So far all we know we may be looking in the wrong time for Jesus.
 
So it is impossible to propose a historical existence for any person whose biography has been elaborated to contain mythological elements? Some plausible things are stated about Jesus, as well as some fantastic things. Can some criteria be devised to separate legend from reality?

The people who have a real problem are the "strong" mythicists who state that Jesus was never believed by Paul and others to have existed as a human being, and that he was thought of as a purely spiritual entity residing in a non-physical dimension.

While I agree with the "strong" mythicists (Joseph Wheless being a sort of poster child) being a problem, Remsburg pointed out over 100 years ago:

"A Historical myth according to Strauss, and to some extent I follow his language, is a real event colored by the light of antiquity, which confounded the human and divine, the natural and the supernatural. (...)

A Philosophical myth is an idea clothed in the caress of historical narrative. When a mere idea is personified and presented in the form of a man or a god it is called a pure myth. (...)

A Poetical myth is a blending of the historical and philosophical, embellished by the creations of the imagination. The poems of Homer and Hesiod, which were the religious text books of the ancient Greeks, and the poetical writings of the Bible, which helped to form and foster the Semitic faiths of Judaism, Christianity, and Mohammedanism, belong to this class.

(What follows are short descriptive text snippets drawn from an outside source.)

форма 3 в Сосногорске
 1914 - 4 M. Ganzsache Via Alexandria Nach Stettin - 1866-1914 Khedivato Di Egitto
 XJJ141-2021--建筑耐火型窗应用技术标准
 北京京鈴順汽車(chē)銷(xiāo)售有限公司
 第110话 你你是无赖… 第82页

It is often difficult, if not impossible, to distinguish a historical from a philosophical myth. Hence the non-agreement of Freethinkers in regard to the nature of the Christ myth. Is Christ a historical or a philosophical myth? Does an analysis of his alleged history disclose the deification of a man, or merely the personification of an idea?"


Christoper Columbus sailing West to prove the world was around is a poetical myth used to illustrate the Renaissance explorer driving away "Medieval Ignorance".

As the 1994 BBC/A&E "Myth of the Spanish Inquisition" showed, the Spanish Inquisition that comes to most people's mind is nearly entirely a fictional creation of her enemies with next to no connection to the real thing other then name. Many torture devices supposedly used by the Inquisition (like the Iron Maiden and Choke Pear) in fact weren't and came into existence well after the Inquisition was in decline.

Terry Jones in the King episode of Medieval Lives just how mythical our views of Richard I, II, and III are.


In the case of Jesus so little has survived that answer of just where Jesus is on the Historical and Philosophical myth spectrum can't be answered.

The Gospels tell us that Jesus was widely known but no truly contemporary person mentions him or any of the events associated with him or his ministry.

The Gospels have Pontius Pilate behaving in a manner at odds with what others tell us and Herod Agrippa doesn't mention it in his letter to Philo who is on his way to Caligula to discourage some the ideas Caligula has regarding Jerusalem. If Pilate had tried to placate a Jewish mob by offering to free the killer of Roman citizens, Agrippa could have certainly wrote about it so Philo would relay it and encourage Caligula to put him (Agrippa) in charge of the region...but he doesn't.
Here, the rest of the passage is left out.